Brief:
Set down again exactly the lines of the listing below that fall between the line holding "Appartamento a Andorno micca - Foto 5" and the line holding "7046 W Rose", inclusive.

Records provided:
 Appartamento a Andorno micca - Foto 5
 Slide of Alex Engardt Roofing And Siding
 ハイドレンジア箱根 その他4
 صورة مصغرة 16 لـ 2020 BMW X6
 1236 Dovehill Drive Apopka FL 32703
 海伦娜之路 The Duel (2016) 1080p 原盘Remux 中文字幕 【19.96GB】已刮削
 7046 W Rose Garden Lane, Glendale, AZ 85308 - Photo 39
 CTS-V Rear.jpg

--

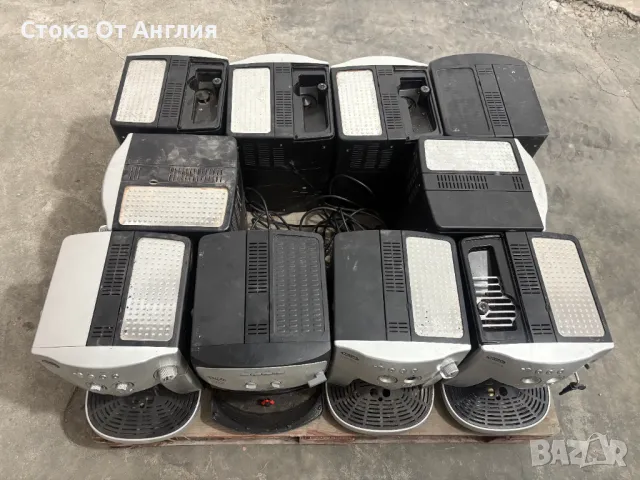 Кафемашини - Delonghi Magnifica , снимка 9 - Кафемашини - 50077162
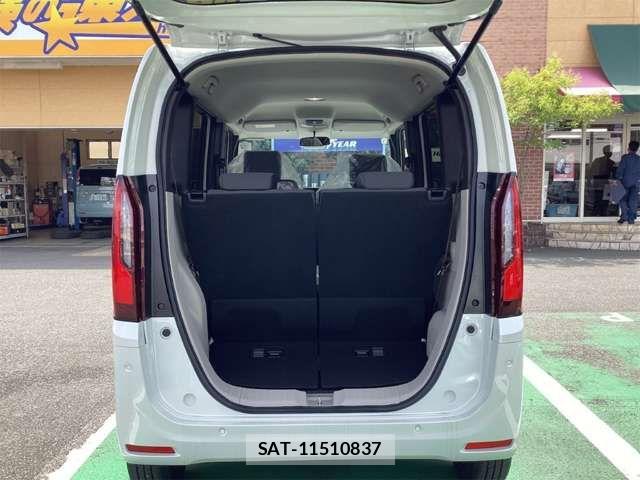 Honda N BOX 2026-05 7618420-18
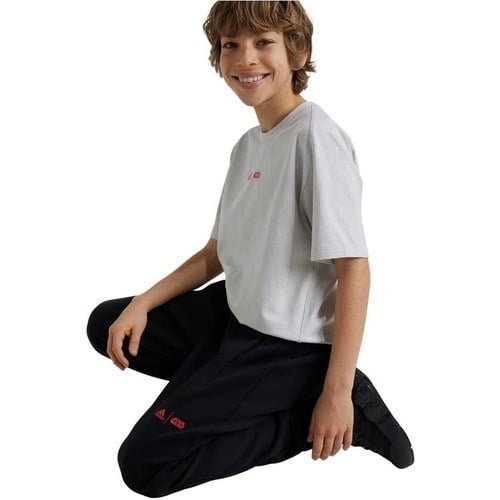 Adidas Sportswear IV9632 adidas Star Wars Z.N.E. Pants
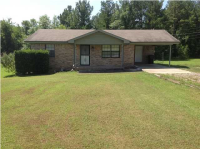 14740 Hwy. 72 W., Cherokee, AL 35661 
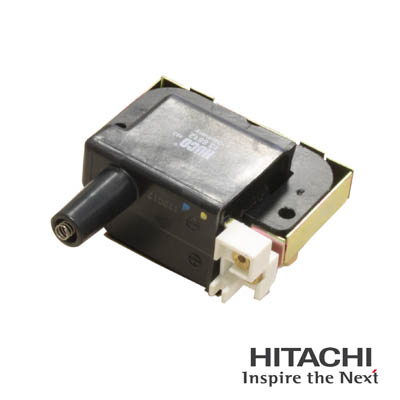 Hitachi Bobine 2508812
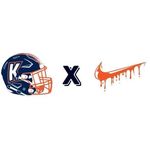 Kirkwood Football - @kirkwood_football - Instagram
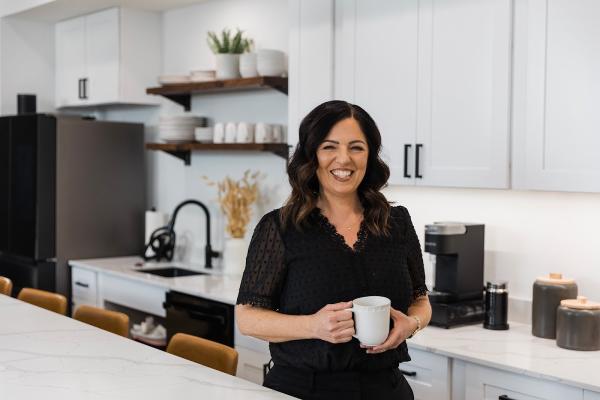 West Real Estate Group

Solution to this problem:
 Appartamento a Andorno micca - Foto 5
 Slide of Alex Engardt Roofing And Siding
 ハイドレンジア箱根 その他4
 صورة مصغرة 16 لـ 2020 BMW X6
 1236 Dovehill Drive Apopka FL 32703
 海伦娜之路 The Duel (2016) 1080p 原盘Remux 中文字幕 【19.96GB】已刮削
 7046 W Rose Garden Lane, Glendale, AZ 85308 - Photo 39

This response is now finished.